Following the release of our Mixtures DoE Tool, Product Development Engineers Ltd has launched its second subscriber tool — an extension that combines mixture design with process variable optimisation. Subscribers can access the tool here. Where the Mixtures tool focuses on ingredient proportions alone, this tool is for situations where the formulation interacts with how it is made or processed. You read about our pure Mixtures tool here. At $10 per month, or only $39 per year, our DoE subscription represents real value, and with more tools to come at these same all-inclusive prices! You can subscribe to our DoE tools here.
What It Adds
Users who are familiar with our Mixtures tool will recognise the same 10-step workflow. The additional capability lies in the definition of one or more process variables — parameters such as temperature, processing time, pressure, or pH — which sit alongside the mixture components and are varied simultaneously across the experimental design.
Process Variable Definition
After defining mixture components, users specify between one and five process variables, each with two or five discrete levels. The tool constructs a combined design that spans both the mixture space and the process variable space, generating a single integrated run sheet.

Extended Model Types
The mixture model types are the same as those in the Mixtures tool — Linear, Quadratic, Special Cubic, and Full Cubic — but users additionally select a model scope that controls how process variables enter the model. The three scope options are: Scheffé only (process variables ignored, useful for comparison), Scheffé plus PV main effects (an additive model where mixture and process variable effects are independent), and Scheffé multiplied by PV (a full interaction model where each mixture term is crossed with each process variable term). The two selectors are chosen independently, giving a wide range of model structures to suit the complexity of the system under study.
Additional Visualisations
Three plot types are added beyond those available in the Mixtures tool. The PV Main Effects plot shows the marginal effect of each process variable on the response across its range, with mixture composition held constant.

The Mix×PV Interaction plot draws separate Cox trace lines for a selected mixture component at each level of a selected process variable, making it easy to see whether the importance of a component changes with processing conditions.

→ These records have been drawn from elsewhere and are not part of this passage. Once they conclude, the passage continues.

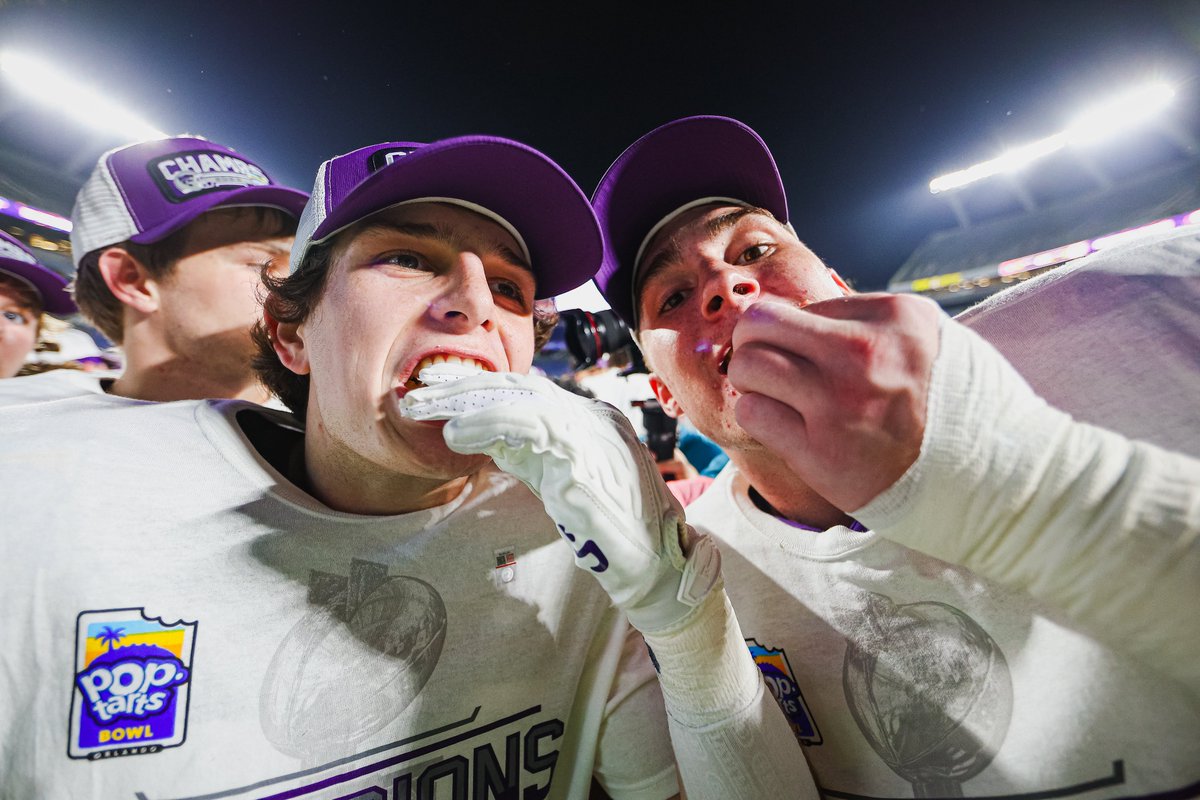 KStateFB tweet picture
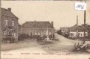Buironfosse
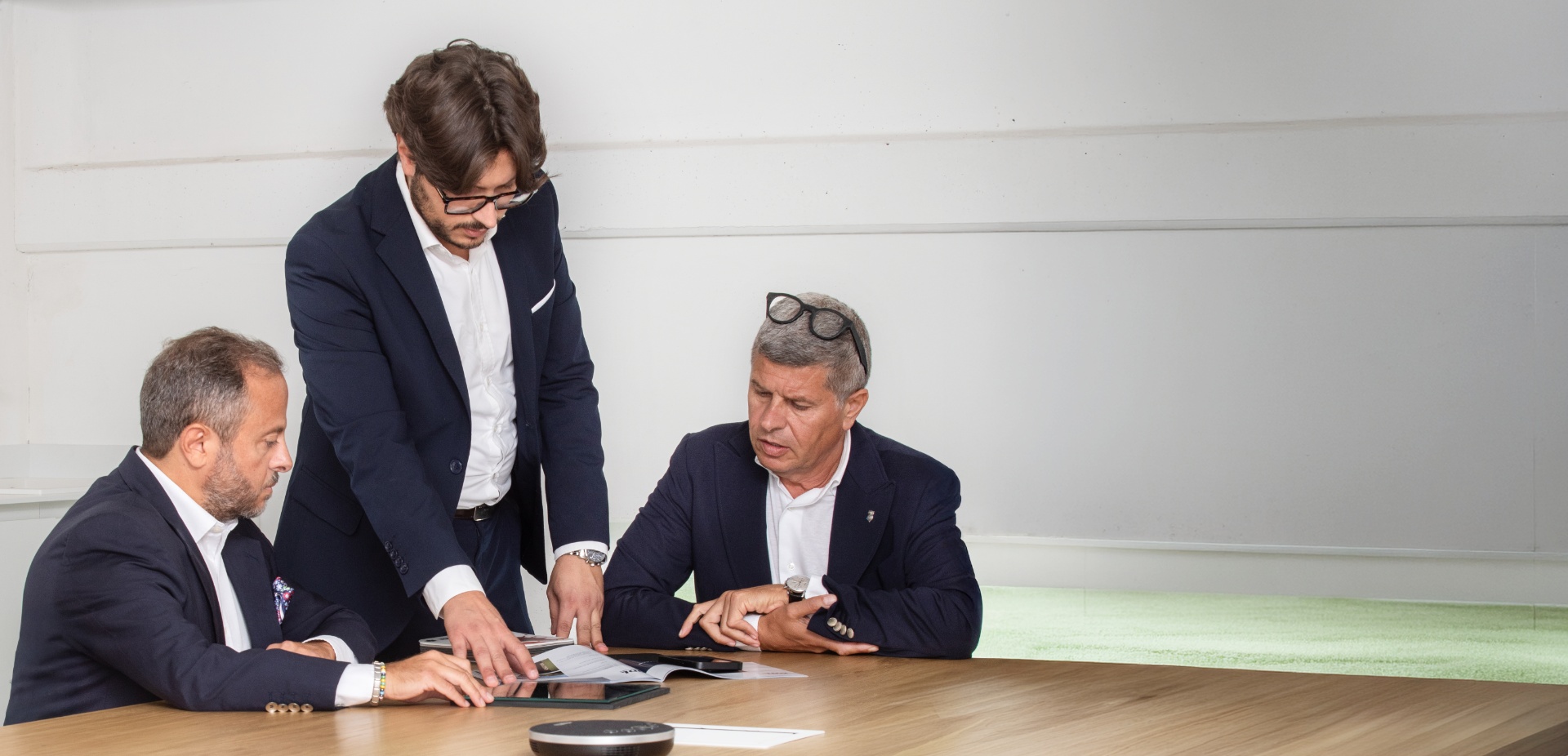 Immagine descrittiva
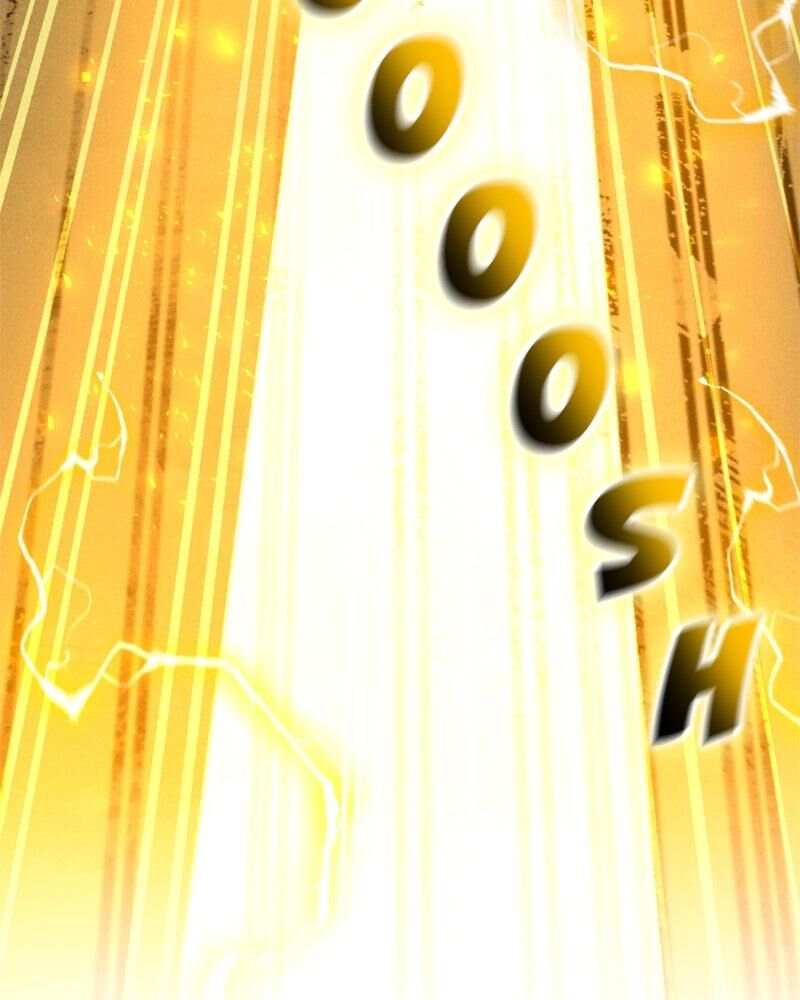 Solo Spell Caster 204 124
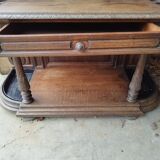 Vestiaire Napoleon III, 1850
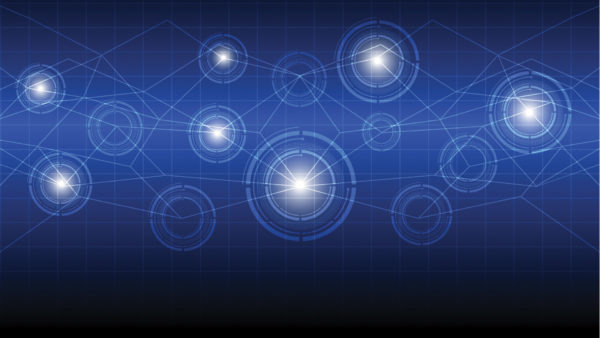 database-connections-freebase-ss-1920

The PV Surface plot shows predicted response as a function of process variable settings at a fixed mixture blend — as a 2D line when one process variable is active, or a 3D surface when two are varied simultaneously.

Optimisation
The optimiser works across both spaces simultaneously, identifying the combination of mixture proportions and process variable settings that maximises, minimises, or hits a target for each response. Multiple responses can be handled using the same desirability framework as the Mixtures tool.
Export
Run sheets and HTML reports include process variable columns alongside mixture component columns, with all additional model terms, interaction plots, and process variable visualisations incorporated into the export.
As with the Mixtures tool, validation testing has been performed against published benchmarks and synthetically generated datasets.